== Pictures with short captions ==
--

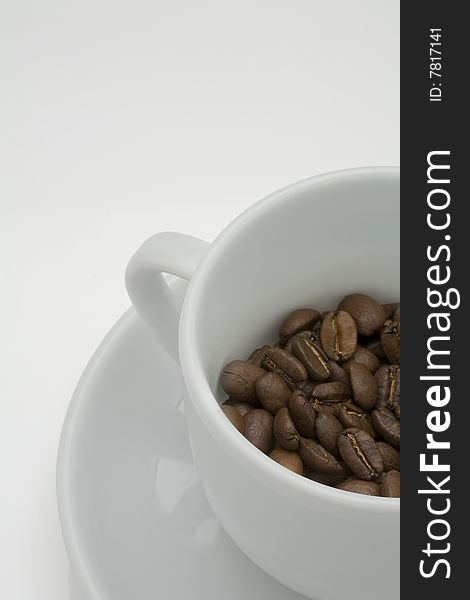 Crop image of coffee bean in ceramic cup. Crop image of coffee bean in ceramic cup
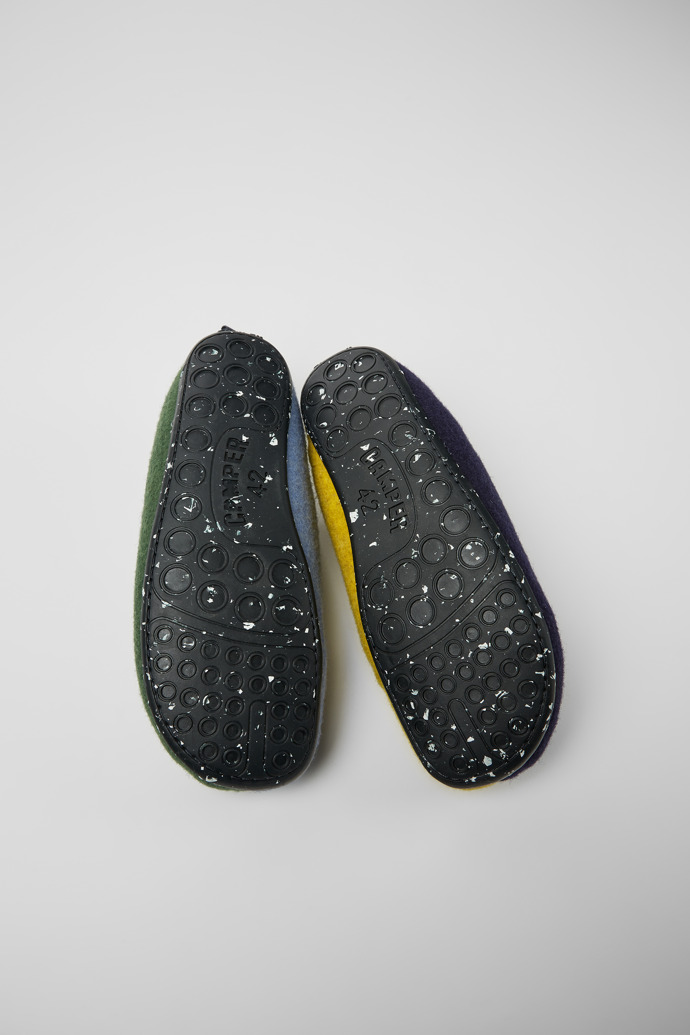 The soles of Twins Green, blue, and gray wool slippers for men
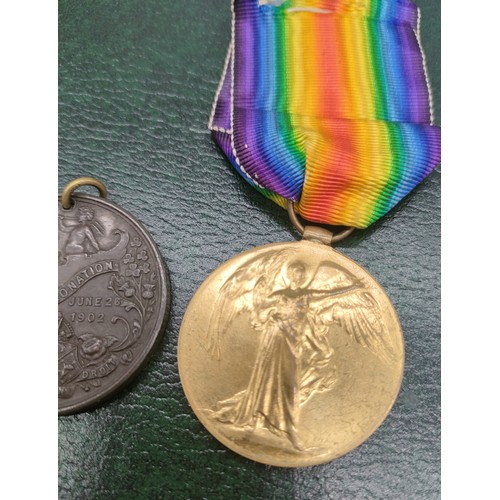 24 - Three WWI Medals and one other. Belonging to 111954 PTE. J. Duncan. R.E. and coronation medallion.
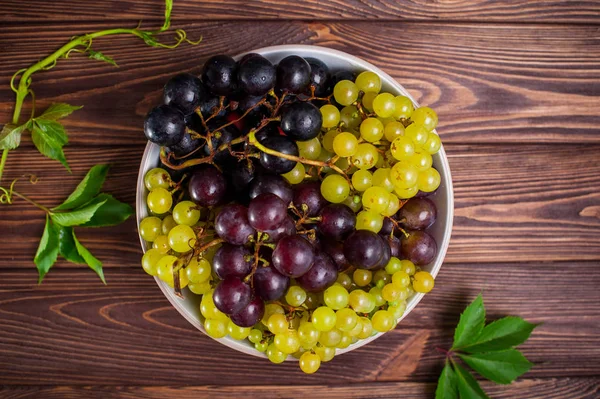 Ovanifrån skål med olika druvor: röda, vita och svarta bär och några gröna blad på den mörka trä bakgrunden. Selektivt fokus. — Stockfoto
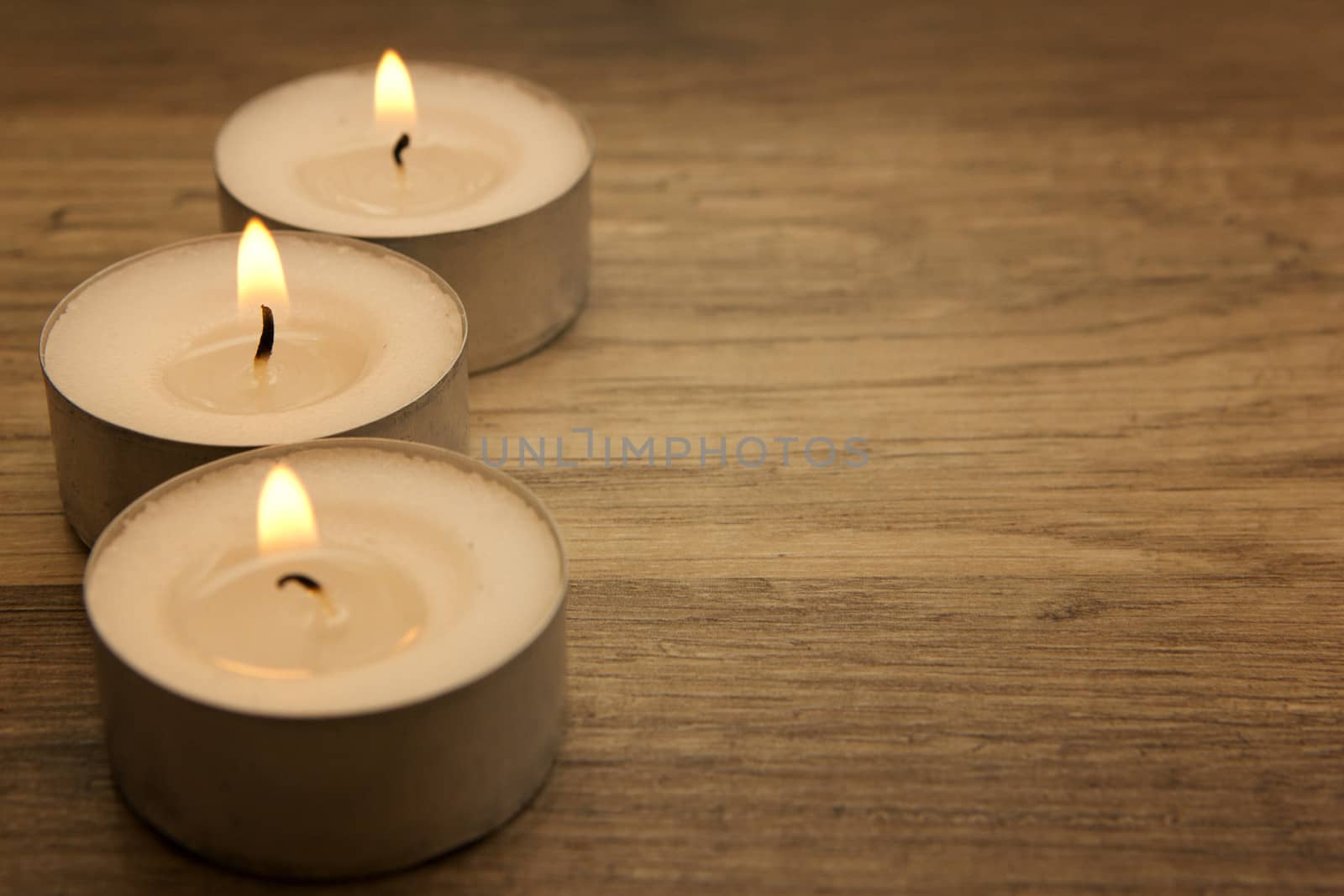 several tealights with wooden background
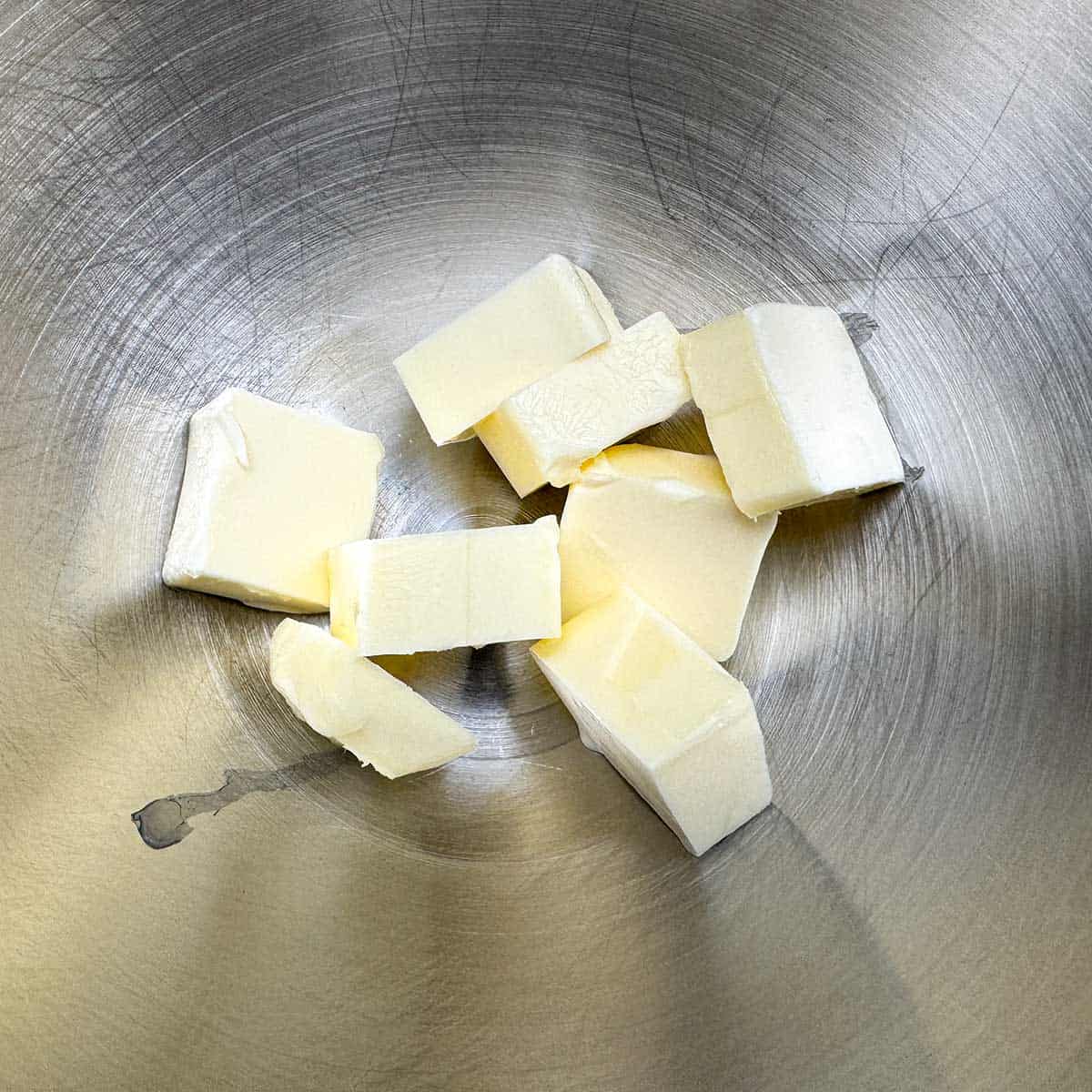 Cubed butter that will be creamed in a mixer bowl.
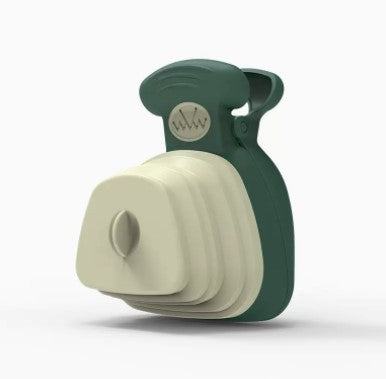 Pet poop bag dispenser and holder in green and beige silicone, compact design.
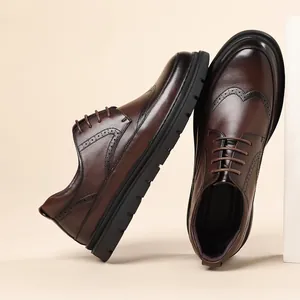 Men's brown leather brogue oxfords with classic wingtip detailing and thick soles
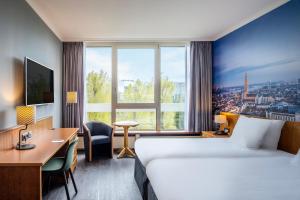 a hotel room with a bed and desk and a large window at Crowne Plaza Antwerpen, an IHG Hotel in Antwerp
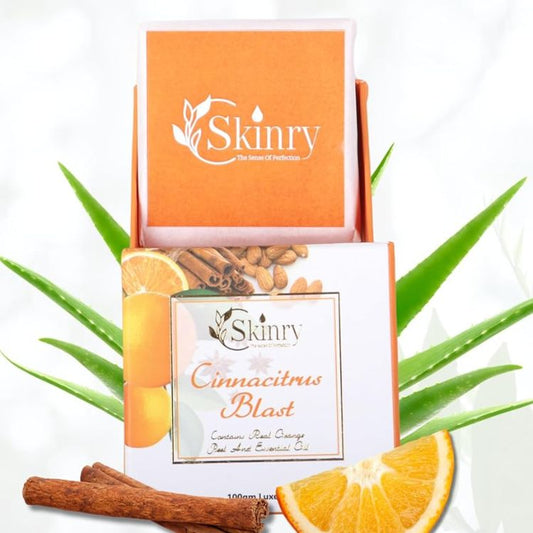 Skinry cinnamon citrus soap box with orange slice cinnamon sticks and aloe leaves in bright orange packaging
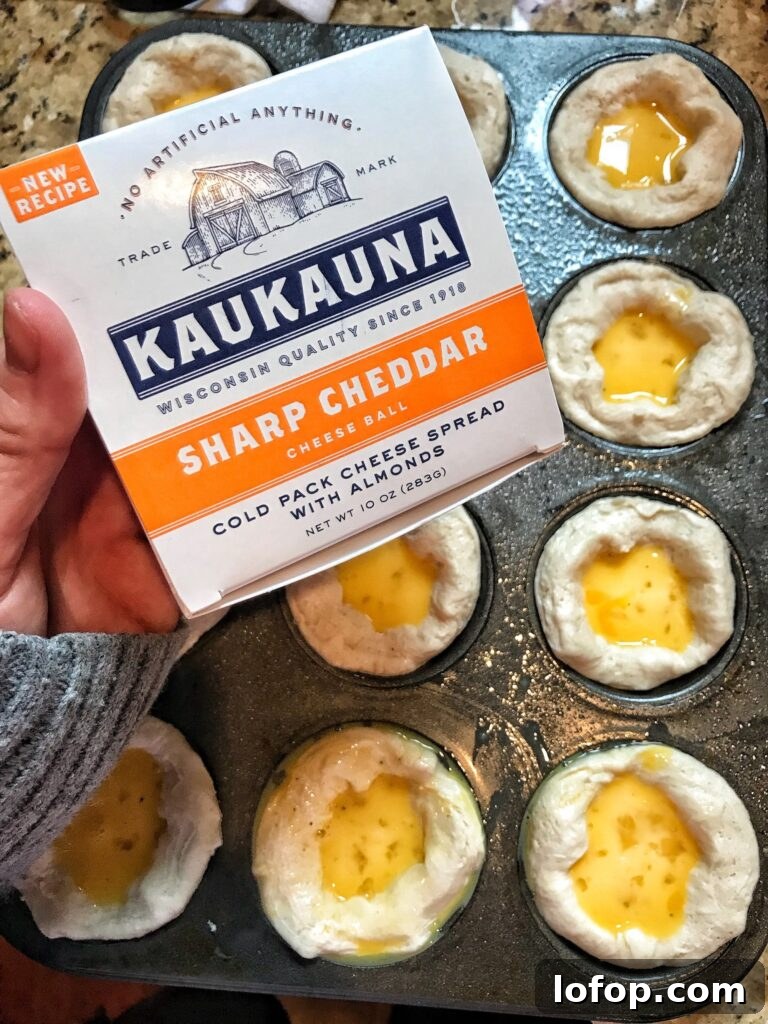 Cheesy Scrambled Egg Breakfast Biscuits Recipe 3 A package of Kaukauna cheddar cheese over raw biscuits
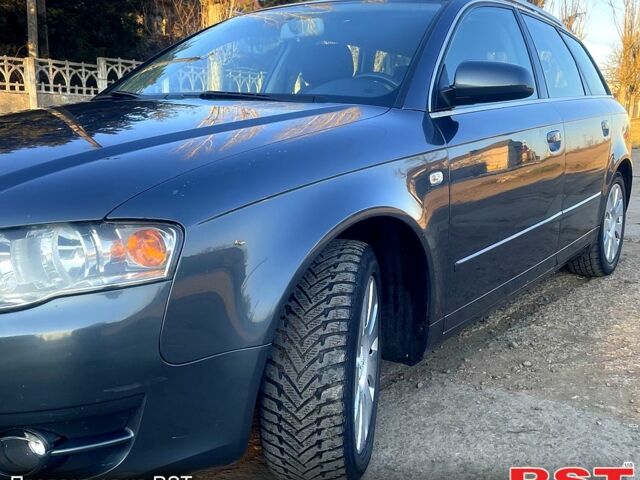 Серый Ауди А4, объемом двигателя 2 л и пробегом 330 тыс. км за 6000 $, фото 1 на Automoto.ua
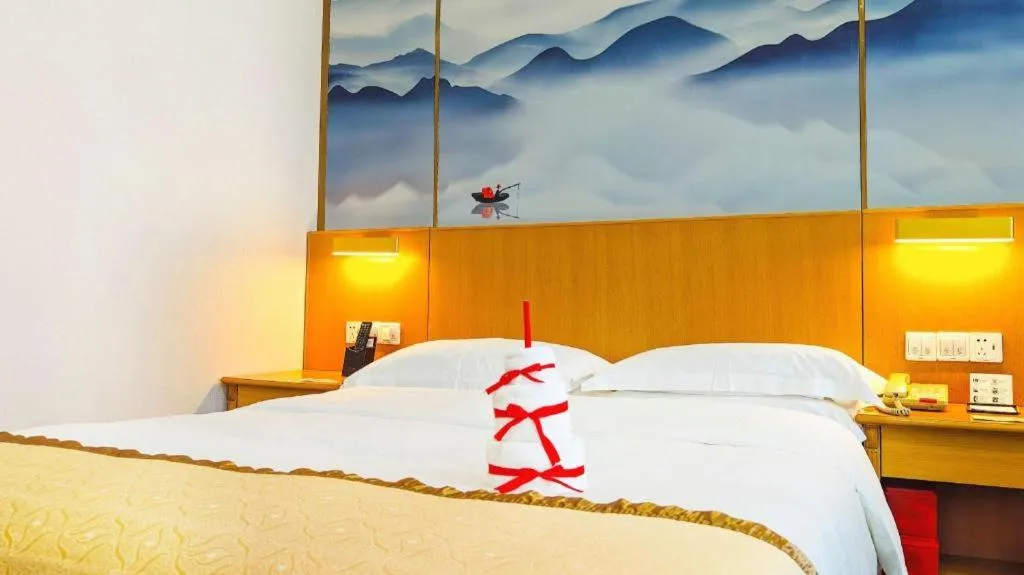 Bed in Xiamen Jingmin Central Hotel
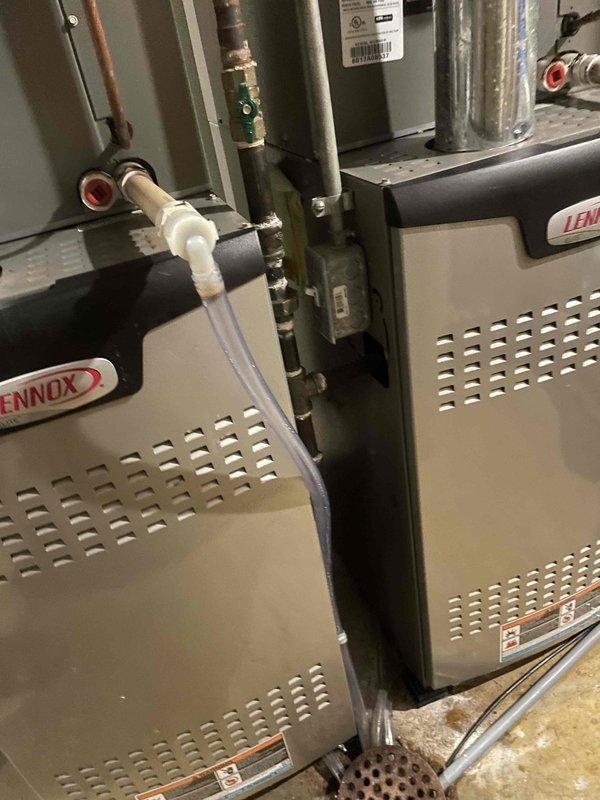 Responded to callback regarding contaminated tubing between HVAC units and Aprilaire humidifiers that had accumulated soot and mold buildup, which had been previously overlooked during prior service visits. Replaced all affected drain hoses connecting the dual Lennox units to their respective humidification systems, ensuring proper drainage and eliminating contamination hazard.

--

== Exercise goal ==
If pictures appear in the data, omit them and copy all other parts exactly.

== Reply to the task ==
 Crop image of coffee bean in ceramic cup. Crop image of coffee bean in ceramic cup
 The soles of Twins Green, blue, and gray wool slippers for men
 24 - Three WWI Medals and one other. Belonging to 111954 PTE. J. Duncan. R.E. and coronation medallion.
 Ovanifrån skål med olika druvor: röda, vita och svarta bär och några gröna blad på den mörka trä bakgrunden. Selektivt fokus. — Stockfoto
 several tealights with wooden background
 Cubed butter that will be creamed in a mixer bowl.
 Pet poop bag dispenser and holder in green and beige silicone, compact design.
 Men's brown leather brogue oxfords with classic wingtip detailing and thick soles
 a hotel room with a bed and desk and a large window at Crowne Plaza Antwerpen, an IHG Hotel in Antwerp
 Skinry cinnamon citrus soap box with orange slice cinnamon sticks and aloe leaves in bright orange packaging
 Cheesy Scrambled Egg Breakfast Biscuits Recipe 3 A package of Kaukauna cheddar cheese over raw biscuits
 Серый Ауди А4, объемом двигателя 2 л и пробегом 330 тыс. км за 6000 $, фото 1 на Automoto.ua
 Bed in Xiamen Jingmin Central Hotel
 Responded to callback regarding contaminated tubing between HVAC units and Aprilaire humidifiers that had accumulated soot and mold buildup, which had been previously overlooked during prior service visits. Replaced all affected drain hoses connecting the dual Lennox units to their respective humidification systems, ensuring proper drainage and eliminating contamination hazard.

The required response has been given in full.